Re: [PATCH 1/2] KVM: async kvm_destroy_vm for vfio devices

From: Sean Christopherson
Date: Wed Jan 11 2023 - 14:55:07 EST


On Mon, Jan 09, 2023, Matthew Rosato wrote:
> Currently it is possible that the final put of a KVM reference comes from
> vfio during its device close operation. This occurs while the vfio group
> lock is held; however, if the vfio device is still in the kvm device list,
> then the following call chain could result in a deadlock:
>
> kvm_put_kvm
> -> kvm_destroy_vm
> -> kvm_destroy_devices
> -> kvm_vfio_destroy
> -> kvm_vfio_file_set_kvm
> -> vfio_file_set_kvm
> -> group->group_lock/group_rwsem
>
> Avoid this scenario by adding kvm_put_kvm_async which will perform the
> kvm_destroy_vm asynchronously if the refcount reaches 0.

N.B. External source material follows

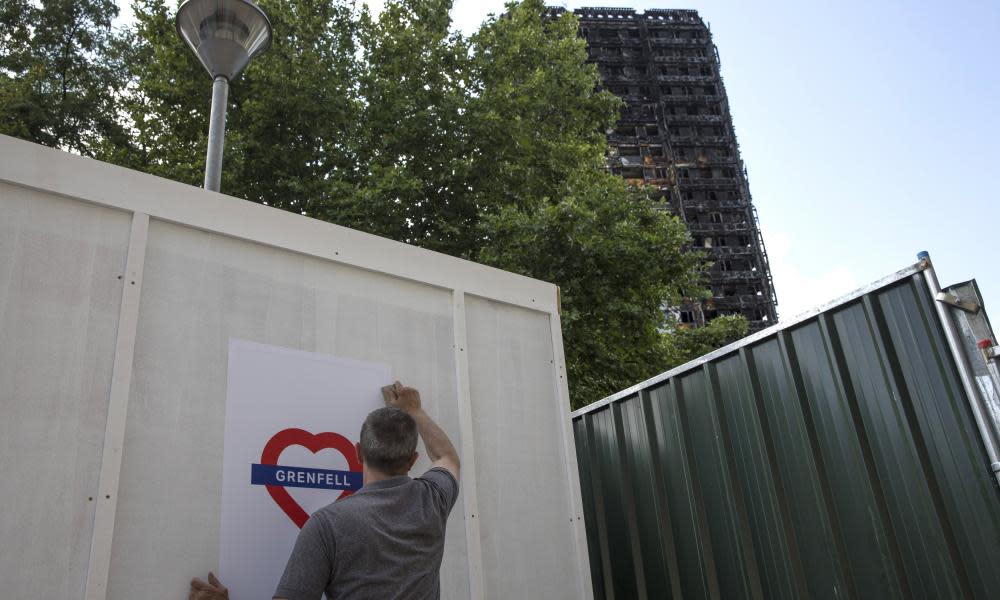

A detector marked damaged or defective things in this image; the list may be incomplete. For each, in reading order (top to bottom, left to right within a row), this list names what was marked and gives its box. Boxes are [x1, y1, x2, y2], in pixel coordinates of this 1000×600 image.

charred tower block [560, 4, 776, 330]
burned building facade [556, 4, 780, 330]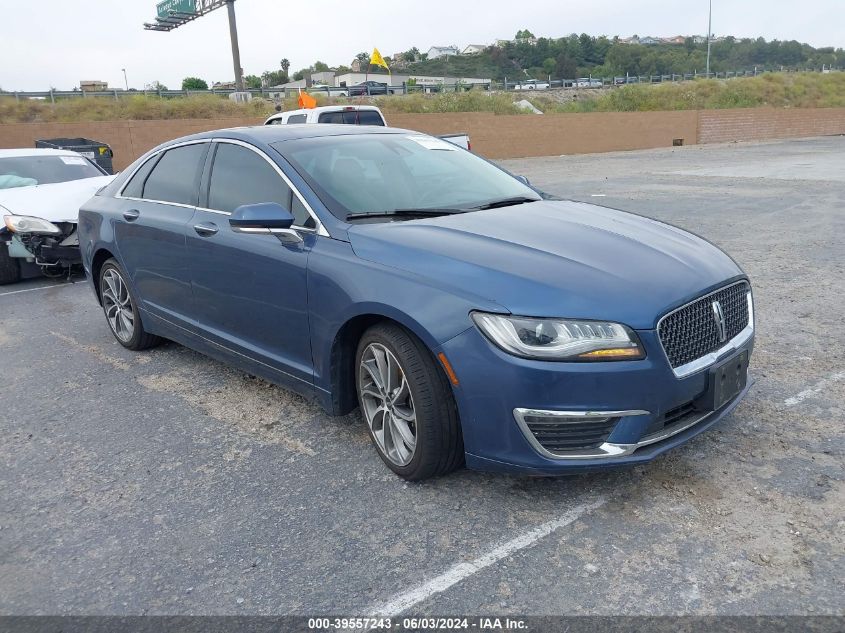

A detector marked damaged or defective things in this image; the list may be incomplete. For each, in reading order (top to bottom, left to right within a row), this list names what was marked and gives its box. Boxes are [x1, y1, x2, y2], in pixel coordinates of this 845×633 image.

damaged vehicle [0, 149, 113, 282]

Something feels off. If KVM's refcount is 0, then accessing device->group->kvm
in vfio_device_open() can't happen unless there's a refcounting bug somewhere.

E.g. if this snippet holds group_lock

mutex_lock(&device->group->group_lock);
device->kvm = device->group->kvm;

if (device->ops->open_device) {
ret = device->ops->open_device(device);
if (ret)
goto err_undo_count;
}
vfio_device_container_register(device);
mutex_unlock(&device->group->group_lock);

and kvm_vfio_destroy() has already been invoked and is waiting on group_lock in
vfio_file_set_kvm(), then device->ops->open_device() is being called with a
non-NULL device->kvm that has kvm->users_count==0. And intel_vgpu_open_device()
at least uses kvm_get_kvm(), i.e. assumes kvm->users_count > 0.

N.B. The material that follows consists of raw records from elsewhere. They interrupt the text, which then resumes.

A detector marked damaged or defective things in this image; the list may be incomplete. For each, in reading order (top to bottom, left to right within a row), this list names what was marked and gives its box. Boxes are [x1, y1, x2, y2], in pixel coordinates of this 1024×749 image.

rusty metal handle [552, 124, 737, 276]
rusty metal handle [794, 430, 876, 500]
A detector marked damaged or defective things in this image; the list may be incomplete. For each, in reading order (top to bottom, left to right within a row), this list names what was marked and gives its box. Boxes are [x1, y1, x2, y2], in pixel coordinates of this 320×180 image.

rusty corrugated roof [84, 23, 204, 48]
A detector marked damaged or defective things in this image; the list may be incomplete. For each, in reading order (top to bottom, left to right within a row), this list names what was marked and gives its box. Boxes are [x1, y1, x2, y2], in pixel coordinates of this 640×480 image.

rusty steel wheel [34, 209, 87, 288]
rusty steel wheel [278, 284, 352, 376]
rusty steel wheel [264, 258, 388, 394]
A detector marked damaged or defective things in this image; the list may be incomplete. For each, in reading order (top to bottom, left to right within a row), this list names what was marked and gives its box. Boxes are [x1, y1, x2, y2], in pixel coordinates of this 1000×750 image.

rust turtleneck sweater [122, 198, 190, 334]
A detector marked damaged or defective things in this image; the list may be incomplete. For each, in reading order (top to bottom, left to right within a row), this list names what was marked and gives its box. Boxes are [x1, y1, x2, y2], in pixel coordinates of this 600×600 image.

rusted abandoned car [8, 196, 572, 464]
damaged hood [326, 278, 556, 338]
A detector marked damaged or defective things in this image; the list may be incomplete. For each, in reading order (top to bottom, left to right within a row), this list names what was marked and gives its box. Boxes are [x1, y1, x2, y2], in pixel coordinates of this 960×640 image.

If there's no refcounting bug then kvm_vfio_destroy() doesn't need to call
kvm_vfio_file_set_kvm() since the only way there isn't a refcounting bug is if
group->kvm is unreachable. This seems unlikely.

Assuming there is indeed a refcounting issue, one solution would be to harden all
->open_device() implementations to use kvm_get_kvm_safe(). I'd prefer not to have
to do that since it will complicate those implementations and also requires KVM
to support an async put.

Rather than force devices to get KVM references, why not handle that in common
VFIO code and drop KVM refcountin from devices? Worst case scenario KVM is pinned
by a device that doesn't need KVM but is in a group associated with KVM. If that's
a concern, it seems easy enough to add a flag to vfio_device_ops to enumerate
whether or not the device depends on KVM.

---
drivers/vfio/vfio_main.c | 15 +++++++++++++--
1 file changed, 13 insertions(+), 2 deletions(-)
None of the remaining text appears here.